### COLLECTED MATERIAL
========================
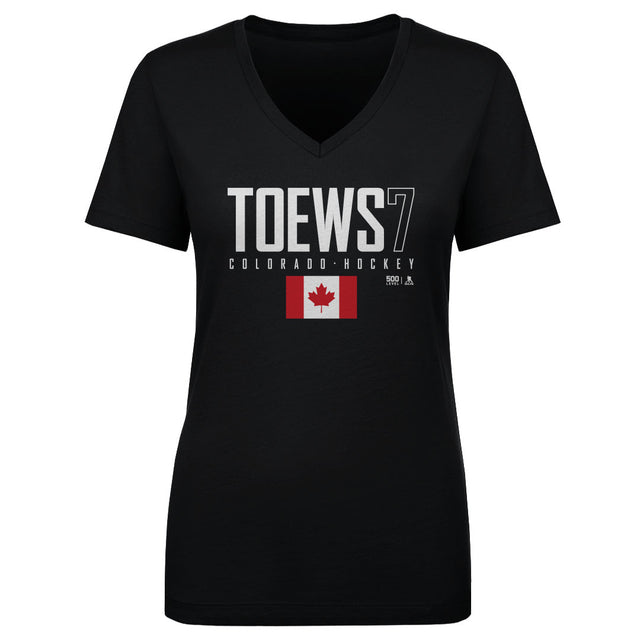 Devon Toews Women's V-Neck T-Shirt | 500 LEVEL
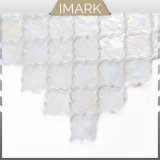 Cheap Price Iridescent White Lantern Glass Mosaic Pool Tile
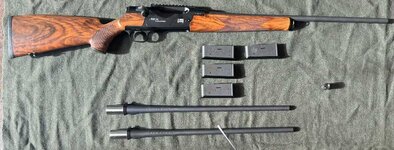 Multi caliber straight pull rifle. MULTIPLE CALIBERS ONE GUN (.308, 6.5 Cred, 7mm Rem) $3800 open to honest offers (price drop)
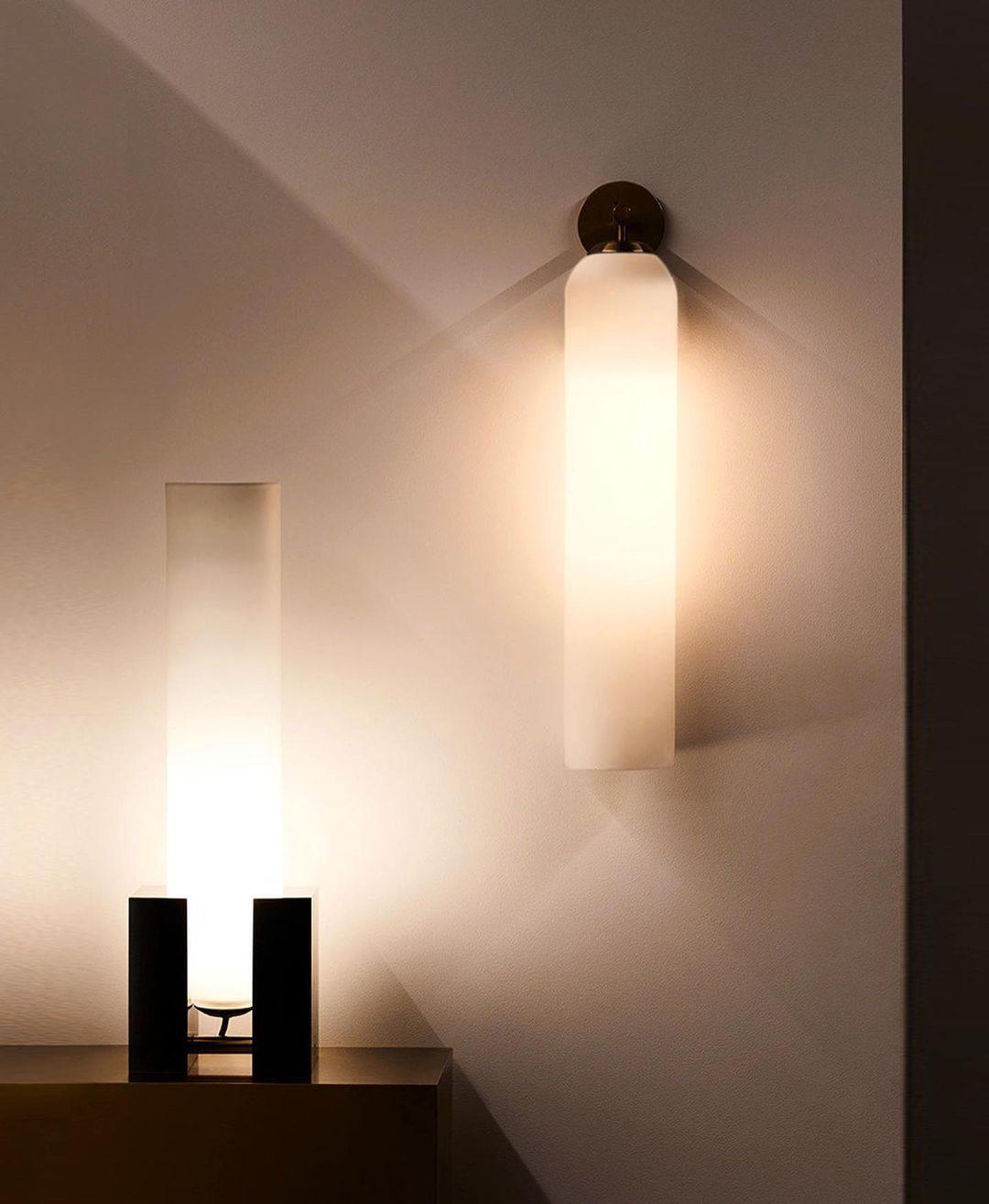 Art Glass Wall Sconce | Metal & Glass | 48cm Height, Multiple Finishes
========================
### TO DO
Images are to be omitted; repeat the remaining data above exactly.

### EXERCISE ANSWER
 Devon Toews Women's V-Neck T-Shirt | 500 LEVEL
 Cheap Price Iridescent White Lantern Glass Mosaic Pool Tile
 Multi caliber straight pull rifle. MULTIPLE CALIBERS ONE GUN (.308, 6.5 Cred, 7mm Rem) $3800 open to honest offers (price drop)
 Art Glass Wall Sconce | Metal & Glass | 48cm Height, Multiple Finishes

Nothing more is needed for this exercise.